Once you have identified the pain point, you may work out with your partner/vendor the tradeoffs considering your population and channel. Note the following tips:
• Highly digital populations already served through an online channel may be approached using digital data, but you must make sure that you can get the volumes required to build a model based on unstructured data (unstructured data requires more volume to build a model).
• People with whom you already have an ongoing relationship may be a good population to leverage mobile phone data, as they may perceive a benefit to downloading and keeping your mobile application.
• Less digitized populations, served through traditional channels (branches or field loan officers) may be better suited for psychometrics.
Avoid the pitfall of falling in love with a specific data source and then figure out a use case within your business. Go the other way around: “given my business need, what data source better fits it?”
4. Partner with somebody that can handle multiple data sources
“When you only have a hammer, all problems look like nails,” my first boss told me a long time ago. To avoid the pitfall described on recommendation three, you must partner up with a vendor that can manage several data sources.
This will not only let you choose the right pain and business to focus on, but also give you flexibility as you roll out.

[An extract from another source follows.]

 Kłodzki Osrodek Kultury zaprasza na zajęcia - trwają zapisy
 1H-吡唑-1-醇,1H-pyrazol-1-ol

For example, we found, while working with a one client that their clients would willingly share their email data. Unfortunately, we found that they used their email so scarcely, that we couldn’t score many of them. Now we are working with psychometrics in this population.
In another situation, we started using psychometrics to approve more people at a Mexican e-lender. In the meantime—while they were approving more clients—we collected digital data from these same applicants. After several months, we have been able to combine both sources of data to approve even more people.
If you are like most of us and work for an organization that needs results in a few quarters, structure your initiative to collect early results that may give you inertia while you go for the long-term prize.
We work with an institution that provides big loans. They do not have that much volume, but they invest heavily in each prospect. Big stakes, low volume is the most challenging environment to build an alternative data-based score. It took us almost 4 years, but now they are harvesting the fruits of their perseverance.
To deal with this issue, you need to be creative to identify secondary pain points that may be addressed quickly along the way.
For example, we worked for a retailer that wanted to increase approvals while keeping defaults in line by approving new-to-credit consumers. Loans had mostly 24 to 36-month terms and most 60 days defaulters tended to recover. That was a challenging situation: we would have to wait 12 months for vintages to mature, and look for 90 or 120 days in arrears for the “bads” to profile. It looked like a 2 to 3 year project.
But we found a secondary pain: “straight rollers.” These were loan recipients who didn’t pay their first two or three installments and were eventually written off. We collected data on all their clients to quickly build a “straight rollers model.” We only needed 3 installments on each vintage to identify bads.
Along the way, we are collecting data that will be used to build an admission score to address the main pain.
In summary, building credit policies based on alternative data is challenging. Fortunately, there is enough learning accumulated in our community to avoid some pitfalls and we hope you find these tips useful.